On Super Bowl Sunday, visits to IFILM, the leading site to watch Super Bowl clips and ads, increased by 49 percent versus the previous day. Prominent placement of IFILM's Super Bowl ads on Yahoo Video Search was responsible for much of the increase: Yahoo Video Search was the source of 27.9 percent of visits to IFILM on Feb. 5, versus 5.9 percent of upstream visits on Feb. 4.
AOL Sports also featured Super Bowl ads on its site, and visits increased by 131 percent on Feb. 5 versus Feb. 4. Visits to the Hitwise Sports category increased by only 6.8 percent in the same period, indicating that unique content on AOL sports drove traffic on Super Bowl Sunday.
"User behavior on Super Bowl Sunday clearly demonstrates consumer demand for the online component of these commercials," says Bill Tancer, general manager, global research for Hitwise. "Engaging consumers online with a service or product brand is a great way to leverage the investment in these costly spots."
As an example, Burger King and Diet Pepsi created special interactive sites for Super Bowl XL that tied in with the television commercial. Diet Pepsi's site, Brown & Bubbly, which tied in with the P. Diddy commercial, had an average user session time of three minutes 59 seconds on game day, compared to a 16 second average session time for the Diet Pepsi site. On Brown & Bubbly, users could watch "video reject" ads and create a personalized video by uploading a digital picture. Burger King's Whopperettes site encouraged users to create a customized Whopper out of Whopperettes, and had an average session time of one minute 23 seconds.

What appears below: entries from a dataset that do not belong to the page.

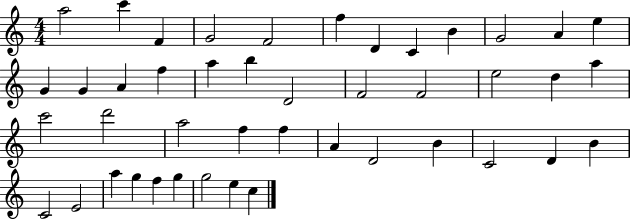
{
  \clef treble
  \numericTimeSignature
  \time 4/4
  \key c \major
  a''2 c'''4 f'4 | g'2 f'2 | f''4 d'4 c'4 b'4 | g'2 a'4 e''4 | \break g'4 g'4 a'4 f''4 | a''4 b''4 d'2 | f'2 f'2 | e''2 d''4 a''4 | \break c'''2 d'''2 | a''2 f''4 f''4 | a'4 d'2 b'4 | c'2 d'4 b'4 | \break c'2 e'2 | a''4 g''4 f''4 g''4 | g''2 e''4 c''4 | \bar "|."
}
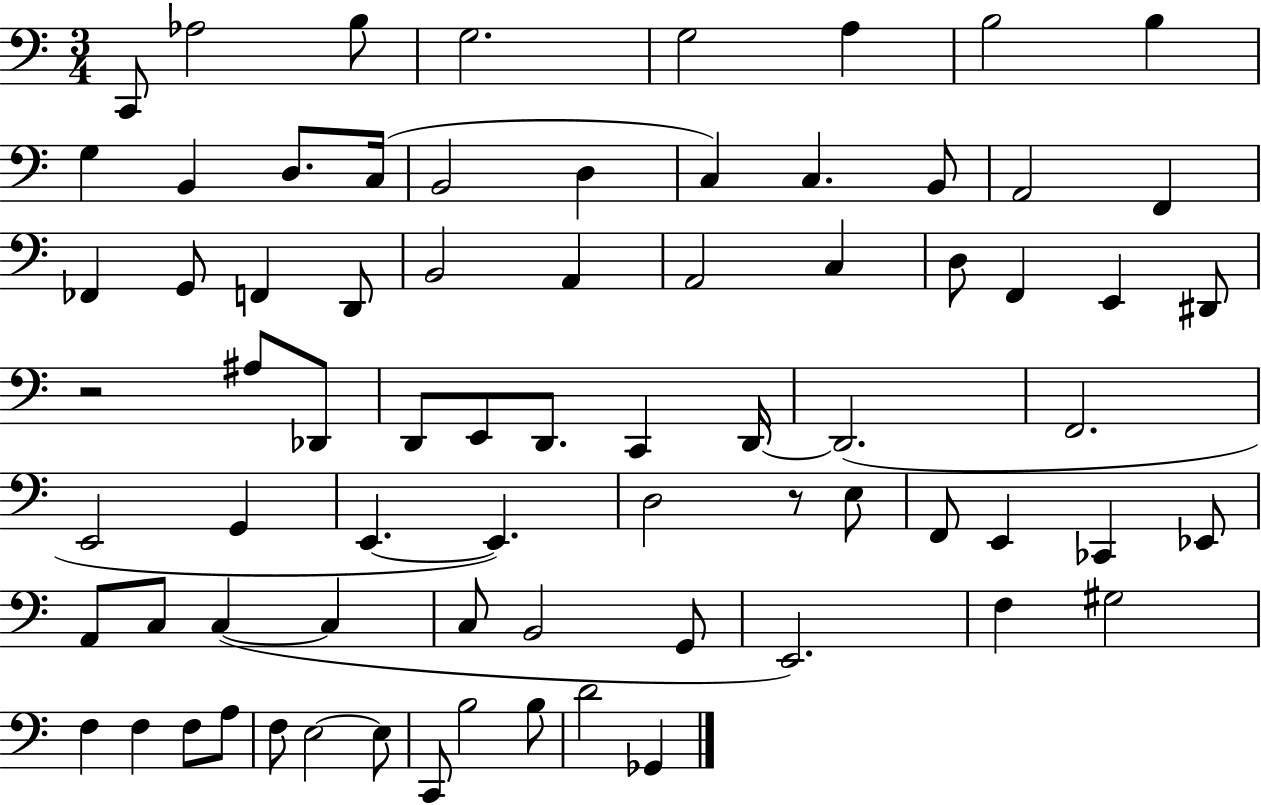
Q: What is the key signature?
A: C major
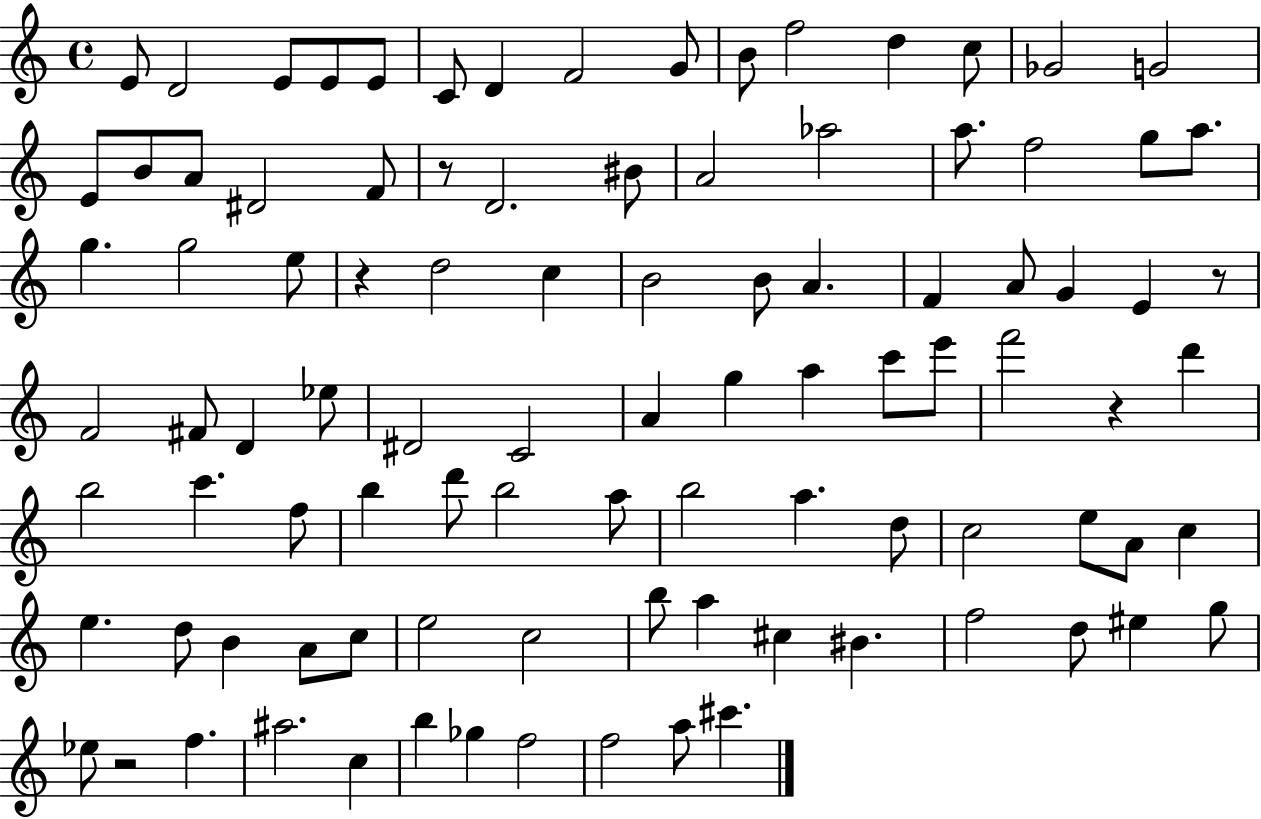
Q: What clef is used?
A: treble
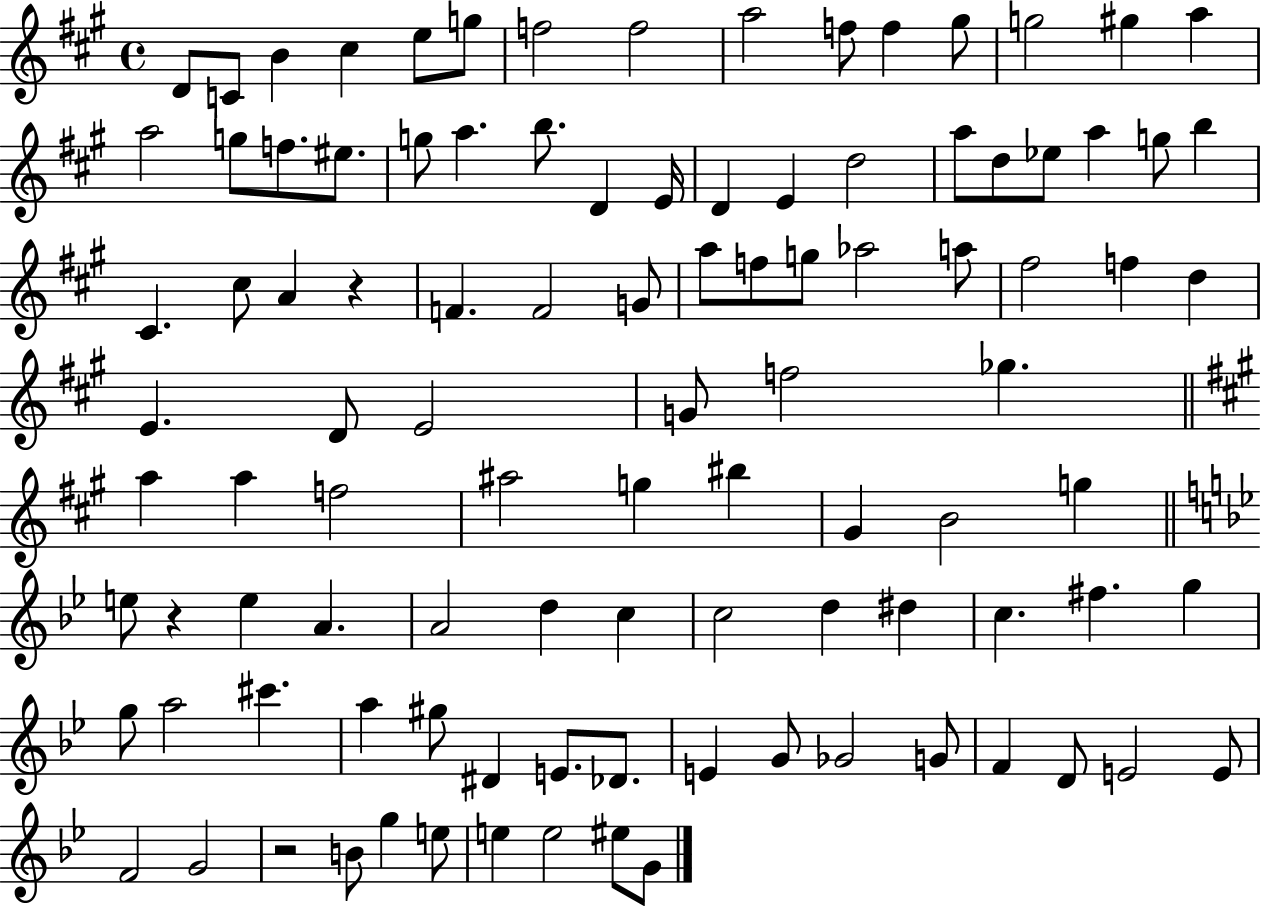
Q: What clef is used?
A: treble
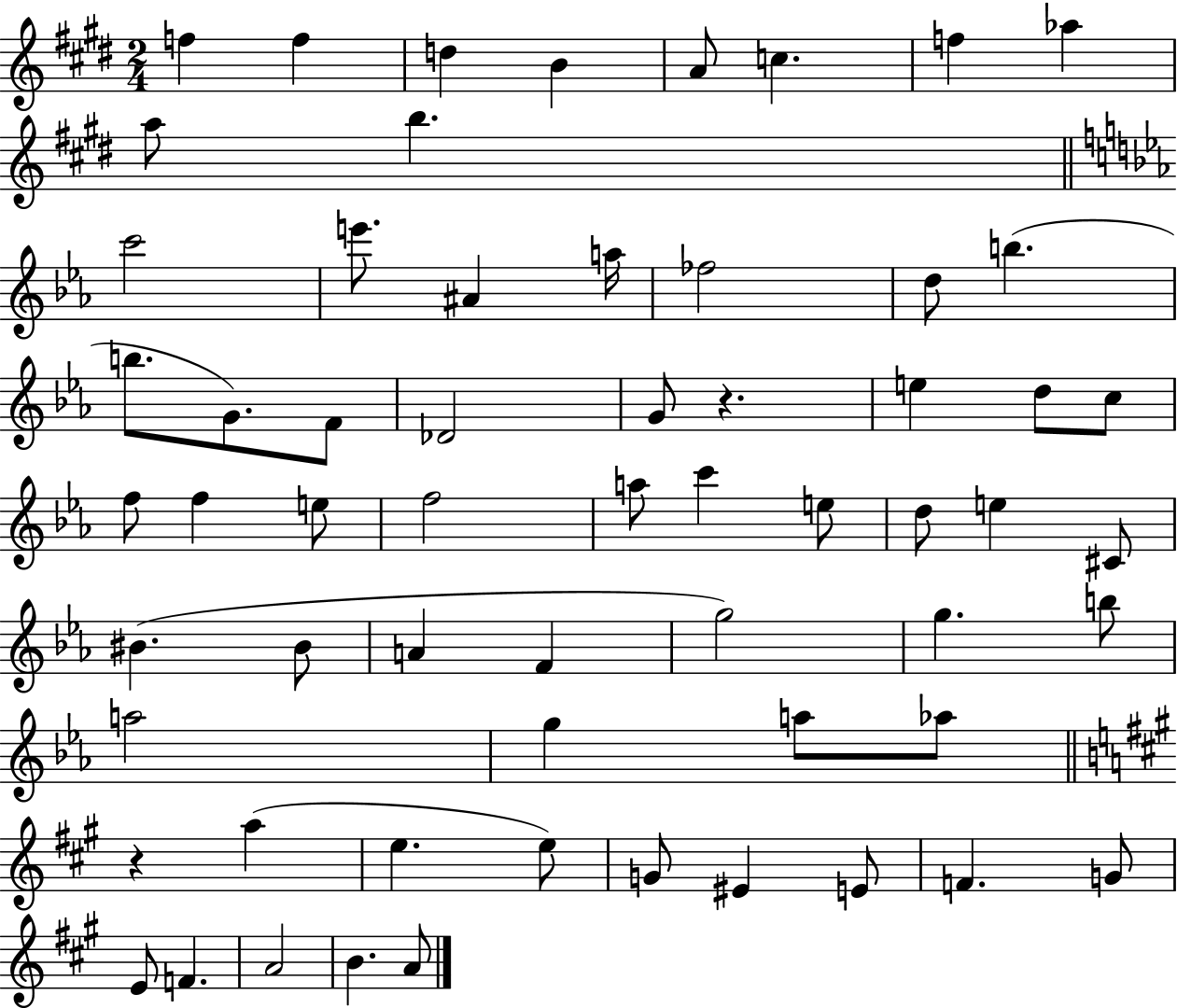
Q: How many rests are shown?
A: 2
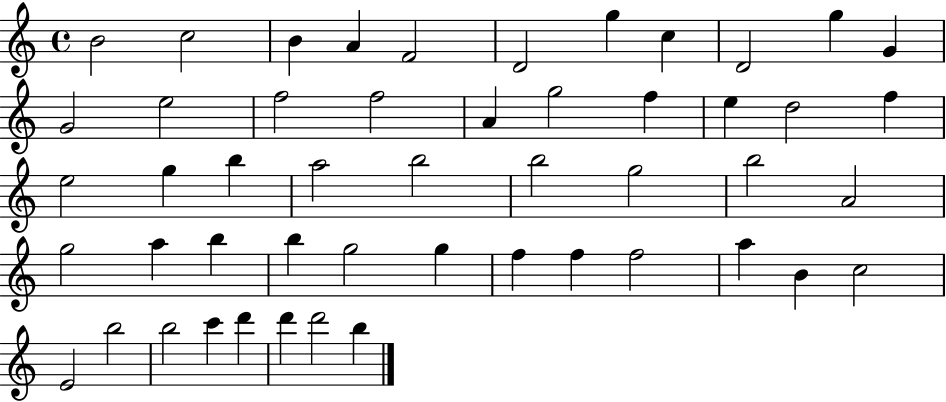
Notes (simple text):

B4/h C5/h B4/q A4/q F4/h D4/h G5/q C5/q D4/h G5/q G4/q G4/h E5/h F5/h F5/h A4/q G5/h F5/q E5/q D5/h F5/q E5/h G5/q B5/q A5/h B5/h B5/h G5/h B5/h A4/h G5/h A5/q B5/q B5/q G5/h G5/q F5/q F5/q F5/h A5/q B4/q C5/h E4/h B5/h B5/h C6/q D6/q D6/q D6/h B5/q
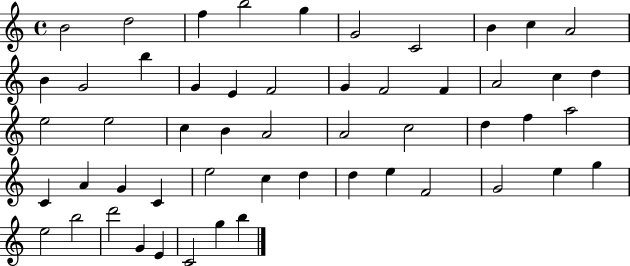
X:1
T:Untitled
M:4/4
L:1/4
K:C
B2 d2 f b2 g G2 C2 B c A2 B G2 b G E F2 G F2 F A2 c d e2 e2 c B A2 A2 c2 d f a2 C A G C e2 c d d e F2 G2 e g e2 b2 d'2 G E C2 g b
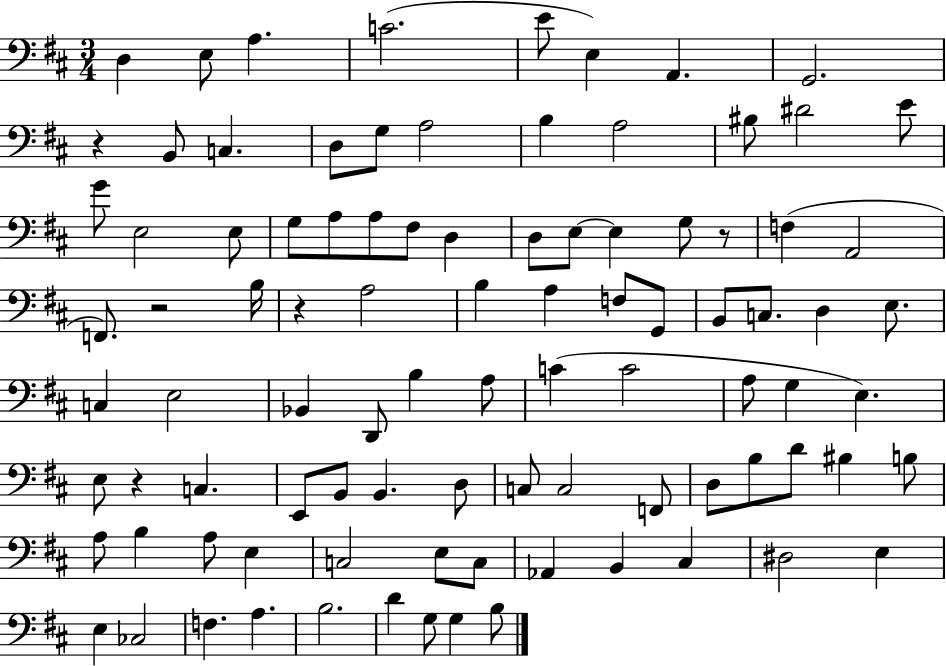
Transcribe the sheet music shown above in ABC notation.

X:1
T:Untitled
M:3/4
L:1/4
K:D
D, E,/2 A, C2 E/2 E, A,, G,,2 z B,,/2 C, D,/2 G,/2 A,2 B, A,2 ^B,/2 ^D2 E/2 G/2 E,2 E,/2 G,/2 A,/2 A,/2 ^F,/2 D, D,/2 E,/2 E, G,/2 z/2 F, A,,2 F,,/2 z2 B,/4 z A,2 B, A, F,/2 G,,/2 B,,/2 C,/2 D, E,/2 C, E,2 _B,, D,,/2 B, A,/2 C C2 A,/2 G, E, E,/2 z C, E,,/2 B,,/2 B,, D,/2 C,/2 C,2 F,,/2 D,/2 B,/2 D/2 ^B, B,/2 A,/2 B, A,/2 E, C,2 E,/2 C,/2 _A,, B,, ^C, ^D,2 E, E, _C,2 F, A, B,2 D G,/2 G, B,/2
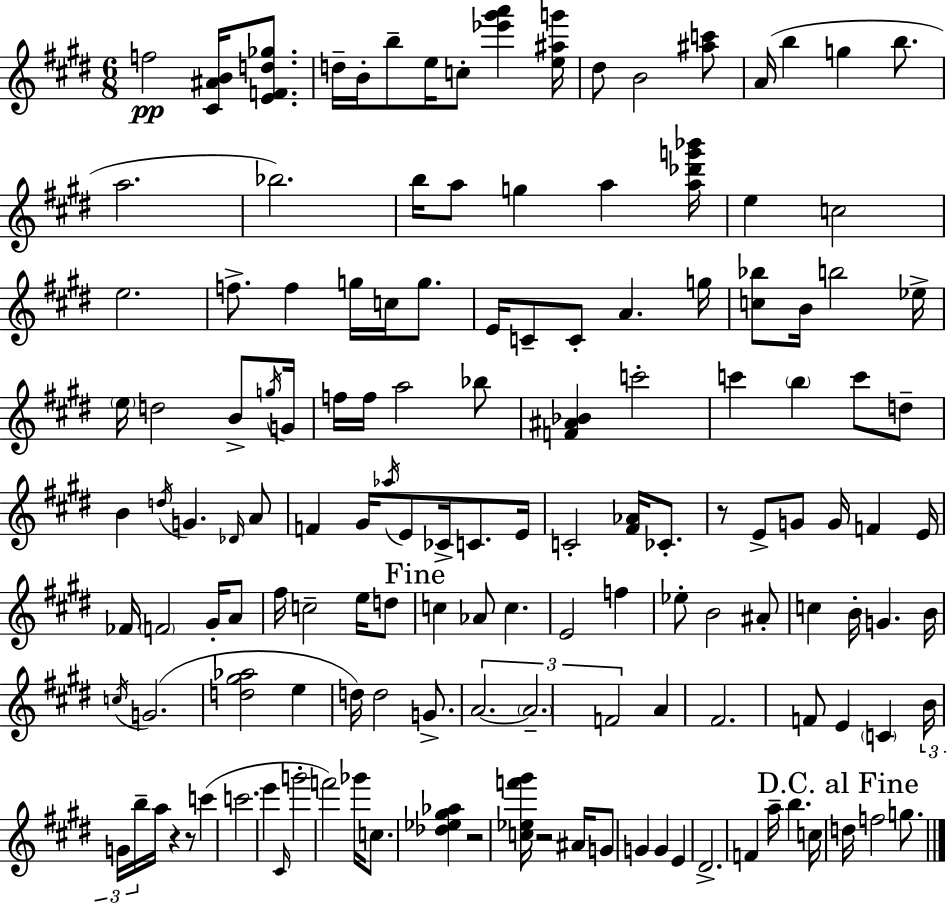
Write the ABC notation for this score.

X:1
T:Untitled
M:6/8
L:1/4
K:E
f2 [^C^AB]/4 [EFd_g]/2 d/4 B/4 b/2 e/4 c/2 [_e'^g'a'] [e^ag']/4 ^d/2 B2 [^ac']/2 A/4 b g b/2 a2 _b2 b/4 a/2 g a [a_d'g'_b']/4 e c2 e2 f/2 f g/4 c/4 g/2 E/4 C/2 C/2 A g/4 [c_b]/2 B/4 b2 _e/4 e/4 d2 B/2 g/4 G/4 f/4 f/4 a2 _b/2 [F^A_B] c'2 c' b c'/2 d/2 B d/4 G _D/4 A/2 F ^G/4 _a/4 E/2 _C/4 C/2 E/4 C2 [^F_A]/4 _C/2 z/2 E/2 G/2 G/4 F E/4 _F/4 F2 ^G/4 A/2 ^f/4 c2 e/4 d/2 c _A/2 c E2 f _e/2 B2 ^A/2 c B/4 G B/4 c/4 G2 [d^g_a]2 e d/4 d2 G/2 A2 A2 F2 A ^F2 F/2 E C B/4 G/4 b/4 a/4 z z/2 c' c'2 e' ^C/4 g'2 f'2 _g'/4 c/2 [_d_e^g_a] z2 [c_ef'^g']/4 z2 ^A/4 G/2 G G E ^D2 F a/4 b c/4 d/4 f2 g/2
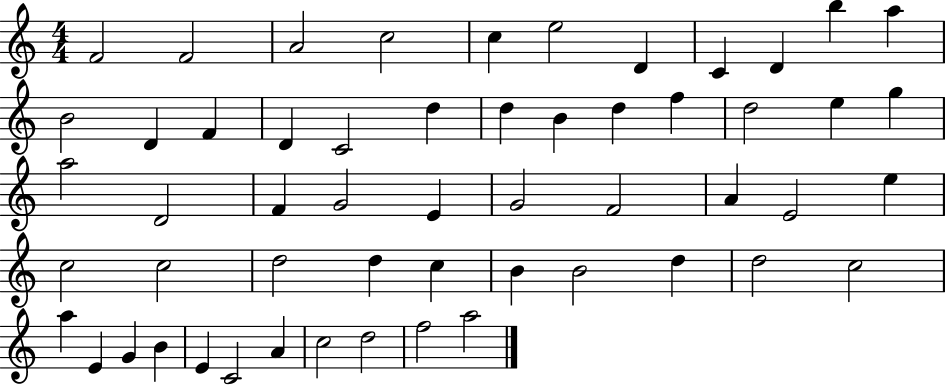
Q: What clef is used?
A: treble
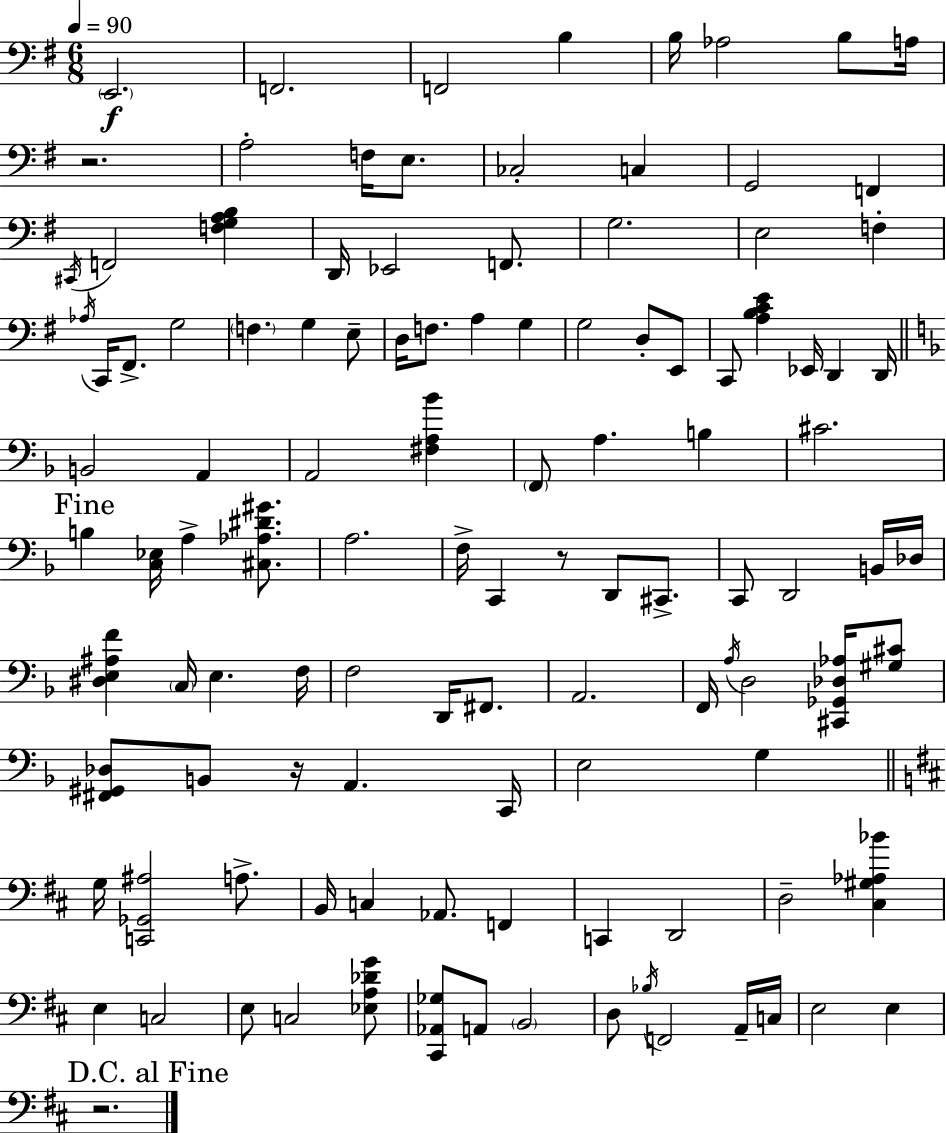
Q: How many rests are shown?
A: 4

GoDaddy.com, promising viewers that they could "see more" on their website, registered the greatest daily increase on Super Bowl Sunday, with a 423 percent increase in market share of visits compared to the day before. Dove, which registered a 251 percent increase in daily visits to its Campaign for Real Beauty website and received kudos for its commercial that promoted self-esteem for teen girls, was also responsible for driving 9.8 percent of its visits to a donation page for the Girl Scouts of America's Uniquely Me program.
Research from Reprise Media indicates that despite the efforts of these few companies, most Super Bowl advertisers missed the "extra point." Many commercials still didn't even include their company's or brand's URLs, for example-- an easy way to indicate to users that there’s additional content available online. And search presence was few and far between, ensuring that those that attempted even a rudimentary campaign linking their commercial to their website clearly stood out.